By Theorem 4.19, $\mathbf\Phi$ is uniformly continuous on the compact parallelpiped $R$ given by $0\le x\le 1$, $||y||\le M_1$. That is, if $\varepsilon>0$, there is a $\delta>0$ such that if the distance between the points $(x_1,\mathbf y_1)$ and $(x_2,\mathbf y_2)$ in $R$ is less than $\delta$, then $\big|\big|\mathbf\Phi(x_1,\mathbf y_1)-\mathbf\Phi(x_2,\mathbf y_2)\big|\big|<\varepsilon$. Since there is a $K$ such that for all $k\ge K$ and all $t\in[0,1]$, we have $\big|\big|\mathbf f_{n_k}(t)-\mathbf f(t)\big|\big|<\delta$, we have $$\big|\big|\mathbf\Phi\bigl(t,\mathbf f_{n_k}(t)
\bigr)-\mathbf\Phi\bigl(t,\mathbf f(t)\bigr)\big|\big|<\varepsilon.$$ That is, $\mathbf\Phi\bigl(t,\mathbf f_{n_k}(t)\bigr)$ converges uniformly to $\mathbf\Phi\bigl(t,\mathbf f(t)\bigr)$ as $k\rightarrow\infty$. Hence, if we let $$\mathbf\Delta_n(t)=
\begin{cases}
\mathbf\Phi\bigl(x_i,\mathbf f_n(x_i)\bigr)-\mathbf\Phi\bigl(t,\mathbf f_n(t)\bigr) & x_i<t<t_{i+1},\quad i=0,\ldots,n-1, \\
\mathbf 0 & t=x_i,\quad i=0,\ldots,n,
\end{cases}$$ then, since $\mathbf\Phi\bigl(x_i,\mathbf f_{n_k}(x_i)\bigr)$ converges to $\mathbf\Phi\big(x_i,\mathbf f(x_i)\bigr)$, and $\mathbf\Phi\bigl(t,\mathbf f_{n_k}(t)\bigr)$ converges to $\mathbf\Phi\big(t,\mathbf f(t)\bigr)$, and $\mathbf\Phi\bigl(t,\mathbf f(t)\bigr)$ is uniformly continuous on $[0,1]$, and the distance between the $x_i$ and the $t$ in the definition of $\mathbf \Delta_n$ is less than $1/n$, it’s not hard to see that $\mathbf\Delta_{n_k}(x)$ will converge uniformly to $\mathbf 0$ as $k\rightarrow\infty$.
Here are the gory details.
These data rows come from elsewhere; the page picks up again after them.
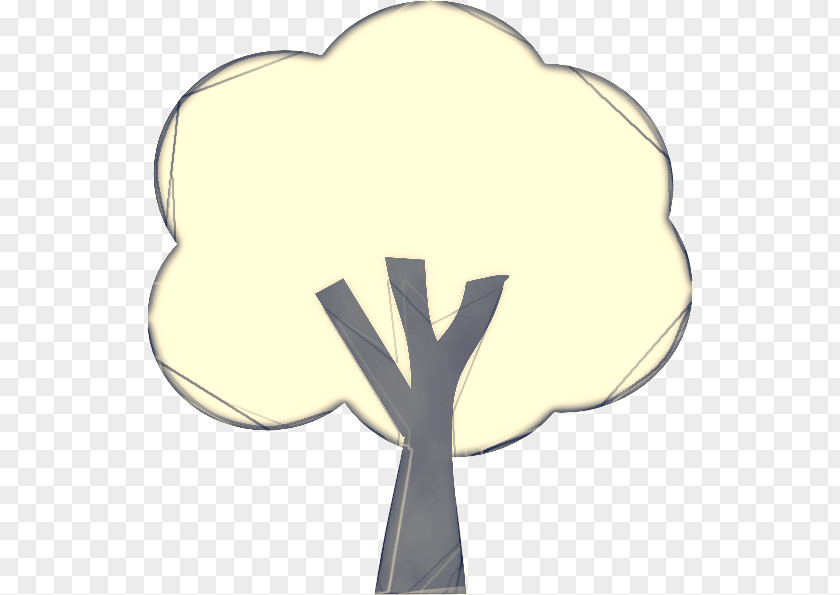 Plant Stem Symbol Clip Art Tree Material Property PNG
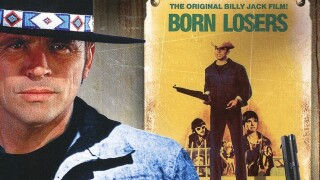 Born Losers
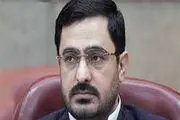 مرتضوی‌ دوباره‌ به‌ دادسرا‌ می‌رود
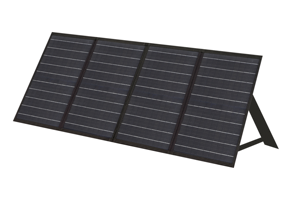 Pure Sine Wave AC Rechargeable Solar Panel Portable Power Station 500w 2000w 3000w Outdoor <b>Camping</b> Travel Power Supply - Product Image 4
Let $\varepsilon>0$. There is a $\delta>0$ such that if $|t_1-t_2|<\delta$ we have $$\big|\big|\mathbf\Phi\big(t_1,\mathbf f(t_1)\big)-\mathbf\Phi\big(t_2,f(t_2)\big)
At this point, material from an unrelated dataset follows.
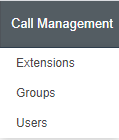 Graphical user interface, applicationDescription automatically generated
\big|\big|<\varepsilon/3.$$ There is a $K$ such that for $k>K$ we have $1/n_k<\delta$ and such that for all $t\in[0,1]$, $$\big|\big|\mathbf\Phi\big(t,\mathbf f_{n_k}(t)\big)-\mathbf\Phi
\big(t,\mathbf f(t)\big)\big|\big|<\varepsilon/3.$$ Then, for $k>K$ and for $t$ such that $x_i<t<x_{i+1}$
\begin{align*}
\big|\big|\mathbf\Delta_{n_k}(t)\big|\big| &= \big|\big|\mathbf\Phi\big(x_i,\mathbf f_{n_k}(x_i)\big)-\mathbf\Phi\big(t,\mathbf f_{n_k}(t)\big|\big| \\
&\le\big|\big|\mathbf\Phi\big(x_i,\mathbf f_{n_k}(x_i)\big)-\mathbf\Phi\big(x_i,\mathbf f(x_i)\big)\big|\big| + \big|\big|\mathbf\Phi\big(x_i,\mathbf f(x_i)\big)-\mathbf\Phi\big(t,\mathbf f(t)
\big)\big|\big|\;+ \\
&\phantom{\le}\;\;\big|\big|\mathbf\Phi\big(t,\mathbf f(t)\big)-\mathbf\Phi\big(t,\mathbf f_{n_k}(t)\big)\big|\big| \\
&\le\varepsilon.
\end{align*}By the definition of $\mathbf f_n$, $\mathbf\Delta_n(t)=\mathbf f_n’(t)-\mathbf\Phi\bigl(t,\mathbf f_n(t)\bigr)$ for $x_i<t<t_{i+1}$, so \begin{equation}\label{7.26.1}\mathbf f_{n_k}(x)=\mathbf c+\int_0^x\mathbf\Phi
\bigl(t,\mathbf f_{n_k}(t)\bigr)+\mathbf\Delta_{n_k}(t).\end{equation} Since $\mathbf f_{n_k}(x)$ converges uniformly to $\mathbf f(x)$ on $[0,1]$, and $\mathbf\Phi\bigl(t,\mathbf f_{n_k}(t)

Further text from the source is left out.